___ Data supplied

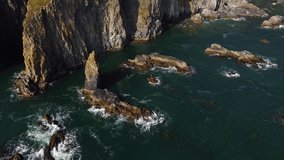 closed and static shot of waves impacting on rocks of the atlantic ocean in drone flight with a bluish sea. Cooper coast, ireland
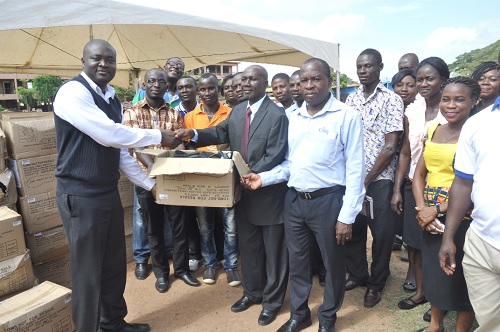 Mr Padmore Baffour Agyapong (left), Country Director, Compassion International, presenting the items to Rev. Anthony Kyeremeh CPC Chairman , Faith Community Baptist Church at the church premises.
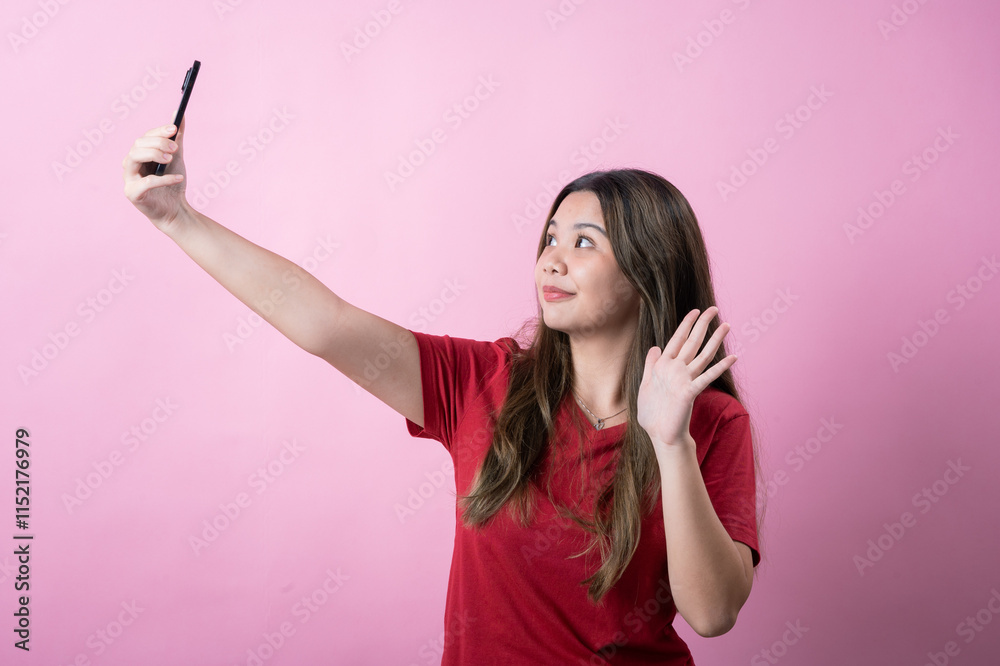 Excited young woman with long brown hair in a red t-shirt waves while taking a selfie with a smartphone against a pink background. She looks cheerful and friendly, capturing a fun and lively moment. Excited young woman with long brown hair in a red t-shirt waves while taking a selfie with a smartphone against a pink background. She looks cheerful and friendly, capturing a fun and lively moment.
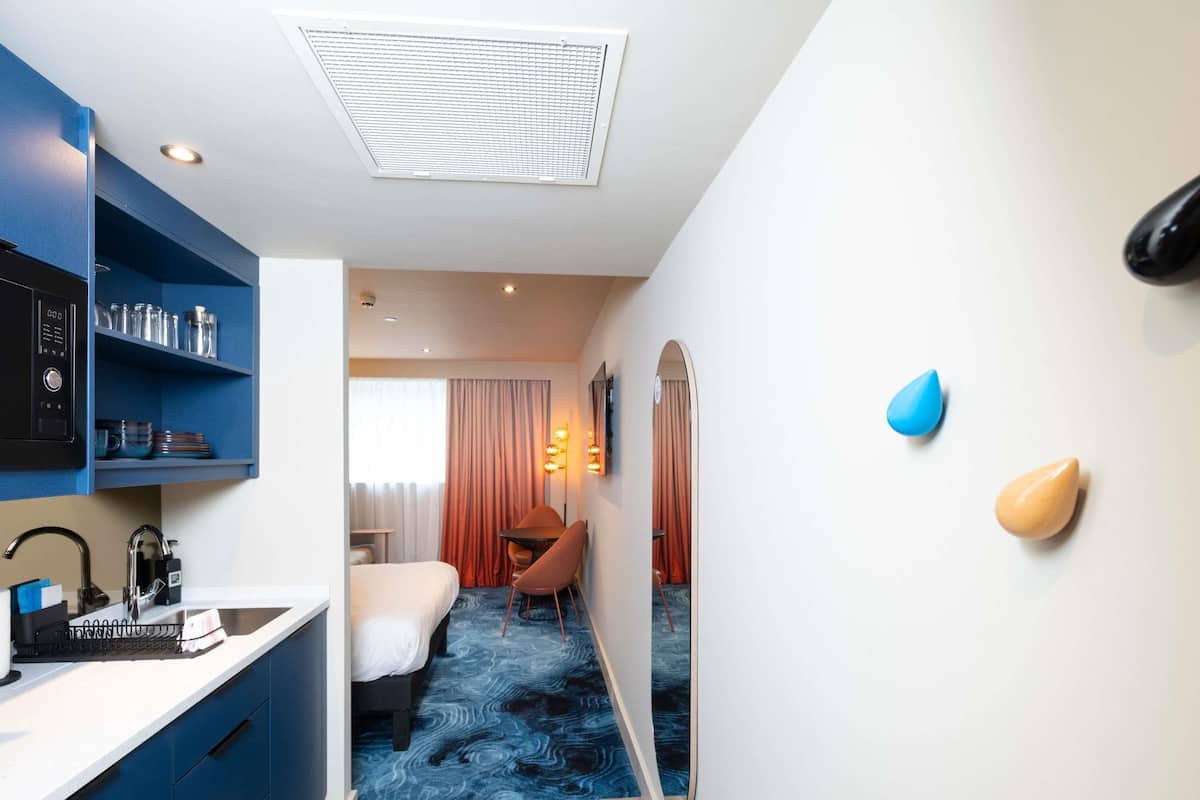 Habitación de hotel con kitchenette, cama, escritorio y baño.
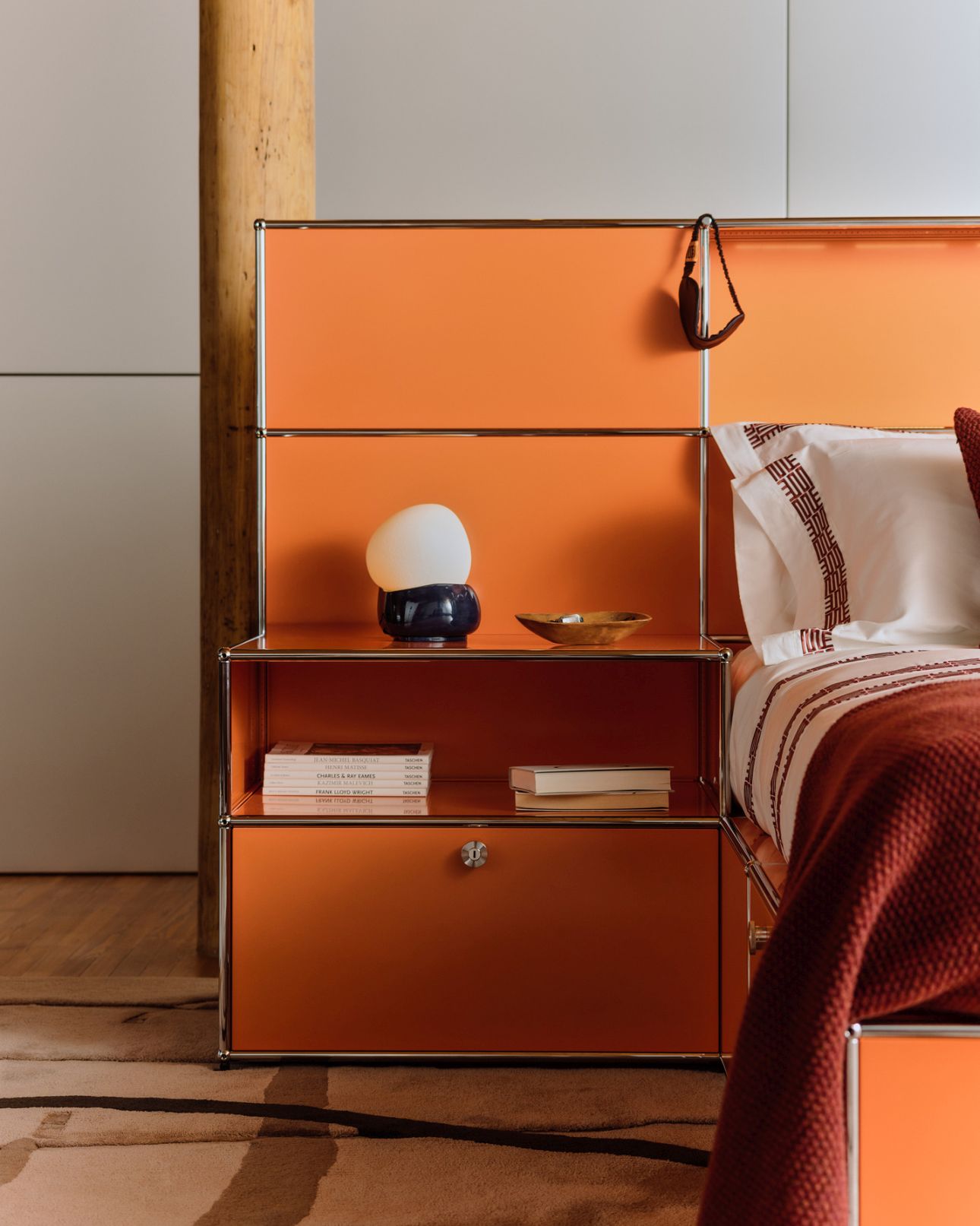Detailaufnahme des orangefarbenen USM Haller Betts von Armando Cabral mit Nachttisch und Textilien.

______

- **Exercise description**: An exact reproduction of every record above is required, with no pictures included.

- **Response to the exercise**:
 closed and static shot of waves impacting on rocks of the atlantic ocean in drone flight with a bluish sea. Cooper coast, ireland
 Mr Padmore Baffour Agyapong (left), Country Director, Compassion International, presenting the items to Rev. Anthony Kyeremeh CPC Chairman , Faith Community Baptist Church at the church premises.
 Excited young woman with long brown hair in a red t-shirt waves while taking a selfie with a smartphone against a pink background. She looks cheerful and friendly, capturing a fun and lively moment. Excited young woman with long brown hair in a red t-shirt waves while taking a selfie with a smartphone against a pink background. She looks cheerful and friendly, capturing a fun and lively moment.
 Habitación de hotel con kitchenette, cama, escritorio y baño.
Detailaufnahme des orangefarbenen USM Haller Betts von Armando Cabral mit Nachttisch und Textilien.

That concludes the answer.